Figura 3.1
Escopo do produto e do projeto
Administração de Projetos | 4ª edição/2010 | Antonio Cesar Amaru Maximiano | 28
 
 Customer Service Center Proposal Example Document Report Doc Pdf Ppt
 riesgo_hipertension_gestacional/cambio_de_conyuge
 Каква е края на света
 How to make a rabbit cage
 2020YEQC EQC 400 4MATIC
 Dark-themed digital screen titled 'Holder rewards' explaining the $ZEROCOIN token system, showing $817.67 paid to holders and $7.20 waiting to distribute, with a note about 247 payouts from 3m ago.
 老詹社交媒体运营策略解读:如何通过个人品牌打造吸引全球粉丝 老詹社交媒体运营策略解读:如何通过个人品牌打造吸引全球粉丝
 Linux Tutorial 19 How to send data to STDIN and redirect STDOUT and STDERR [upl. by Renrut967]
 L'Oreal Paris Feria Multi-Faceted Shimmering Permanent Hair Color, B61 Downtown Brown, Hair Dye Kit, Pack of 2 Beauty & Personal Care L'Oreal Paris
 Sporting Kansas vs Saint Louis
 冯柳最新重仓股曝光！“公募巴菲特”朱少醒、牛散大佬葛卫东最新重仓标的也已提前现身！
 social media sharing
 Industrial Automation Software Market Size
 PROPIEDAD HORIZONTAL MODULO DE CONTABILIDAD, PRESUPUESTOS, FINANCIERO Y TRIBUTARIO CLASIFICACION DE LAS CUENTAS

━━━━━━━━━━━━━━━━━━━━

■ **Goal of the exercise**
Nothing but the lines from the one that contains "Sporting Kansas vs Saint Louis" through the last line of the entries should appear in your reply, each repeated exactly.

■ **Answer for this exercise**
 Sporting Kansas vs Saint Louis
 冯柳最新重仓股曝光！“公募巴菲特”朱少醒、牛散大佬葛卫东最新重仓标的也已提前现身！
 social media sharing
 Industrial Automation Software Market Size
 PROPIEDAD HORIZONTAL MODULO DE CONTABILIDAD, PRESUPUESTOS, FINANCIERO Y TRIBUTARIO CLASIFICACION DE LAS CUENTAS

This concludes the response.